→ **About this task**
Would you restate, word for word, only the lines starting at the one with "M2M THE BETTER ENDINGS TOUR 2025 - M2M" and ending with the final line of the entries below? Pictures stay out.

************

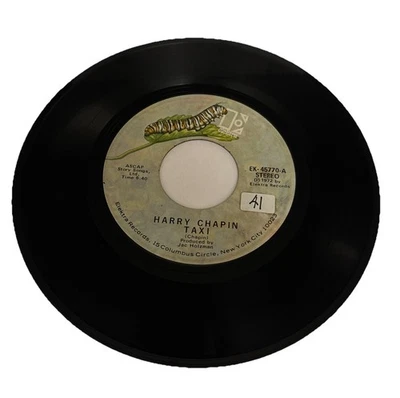 HARRY CHAPIN Taxi / Empty 45RPM Elektra Records (box25) - Image 1 of 2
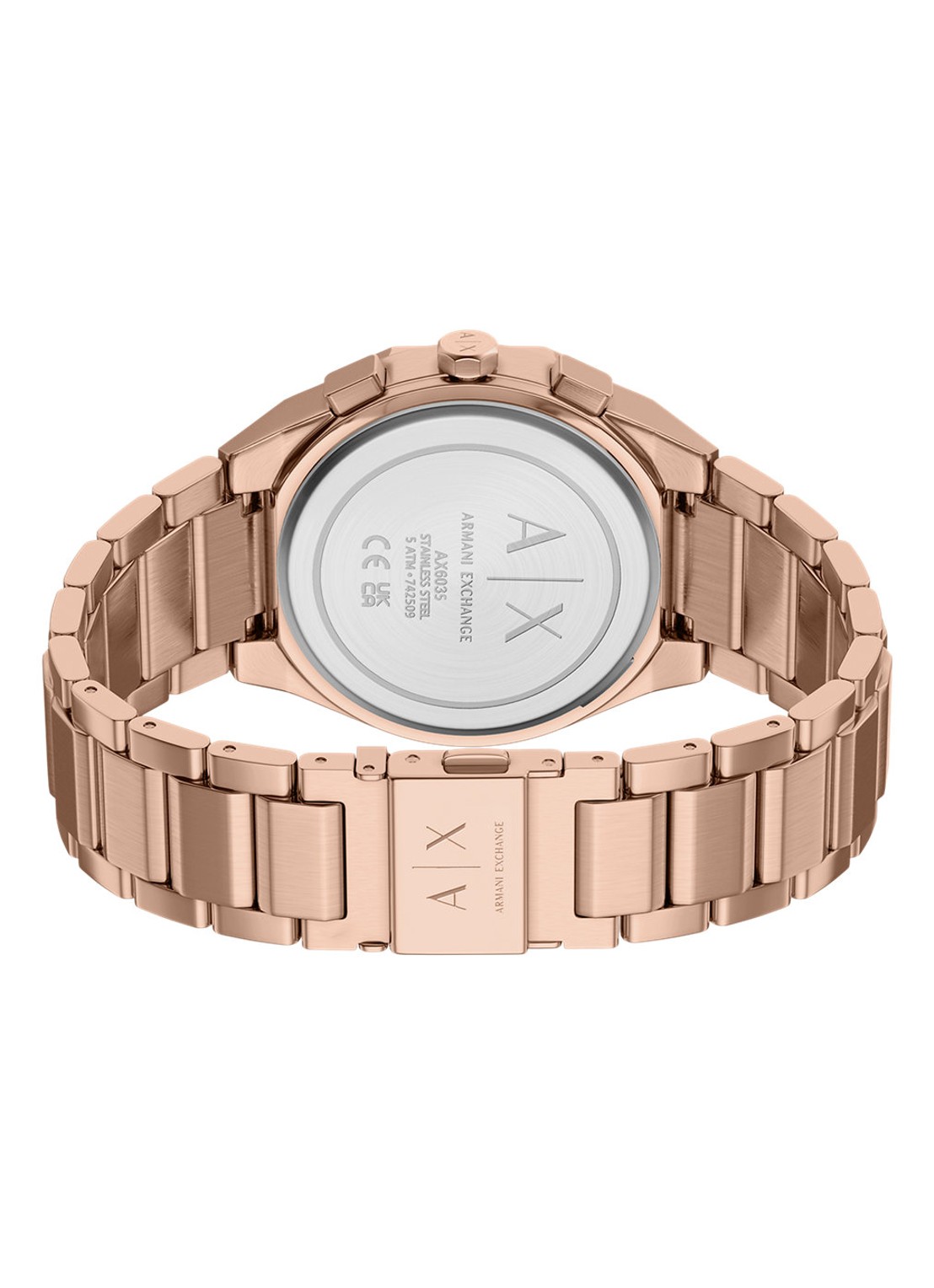 Armani Horloge AX6035 - detail 3 roségoud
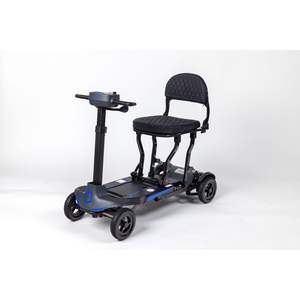 Scooter de mobilité Monarch Supa Carbon Lite ultra-léger, pliable automatiquement, 4 mph, autonomie de 9 miles, anti-crevaison, pour personnes handicapées - Product Image 4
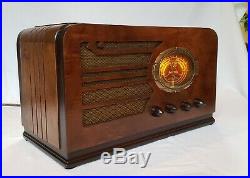 Vintage Coronado AM/SW Tube Radio 686 (1936) COMPLETELY RESTORED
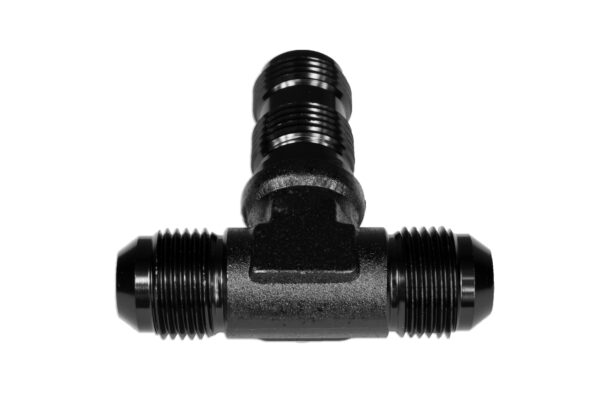 TEE BULKHEAD MALE/MALE/MALE AN4 Black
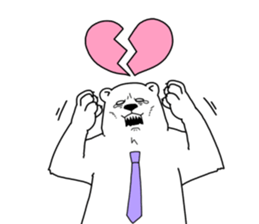 Negative polar bear sticker #3896718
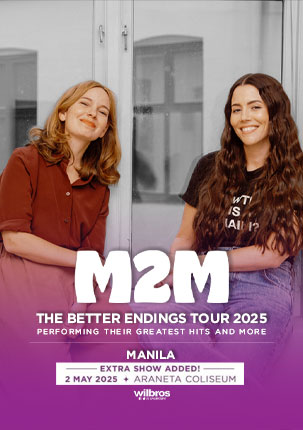 M2M THE BETTER ENDINGS TOUR 2025 - M2M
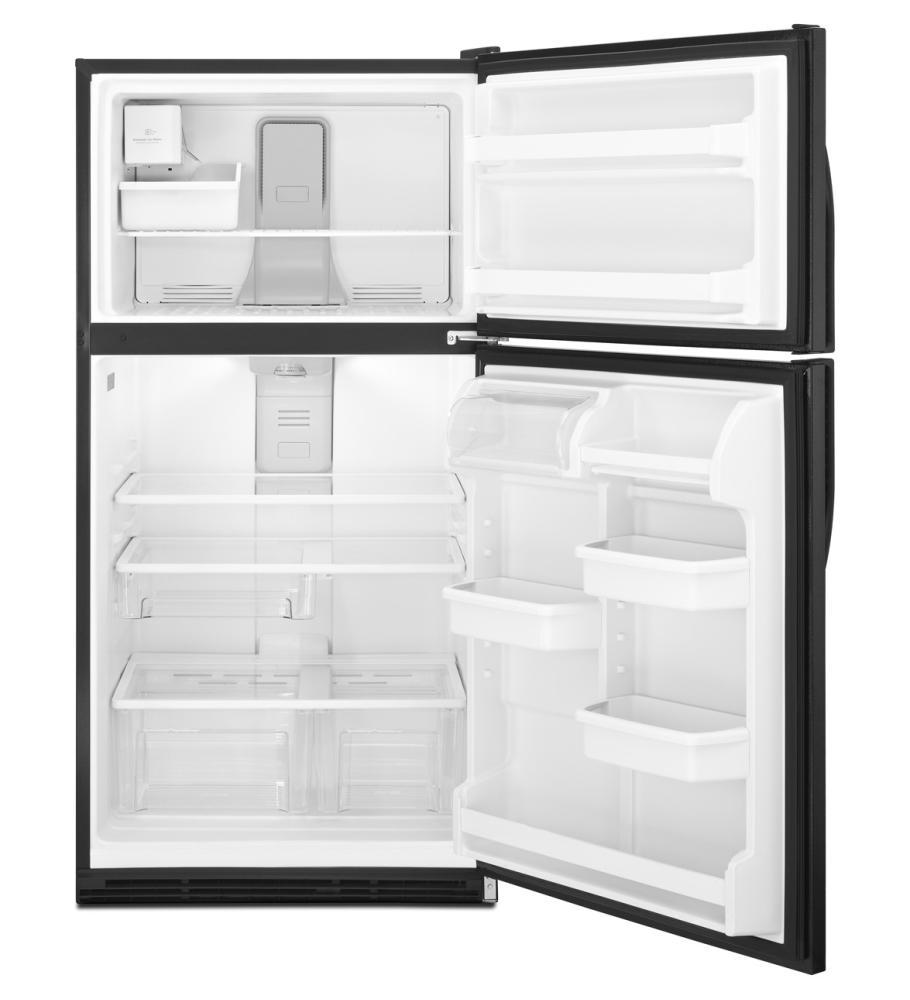 Maytag M1TXEGMYW Top-Freezer Refrigerator with FreshLock Crispers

************

→ **Solution**
 M2M THE BETTER ENDINGS TOUR 2025 - M2M
 Maytag M1TXEGMYW Top-Freezer Refrigerator with FreshLock Crispers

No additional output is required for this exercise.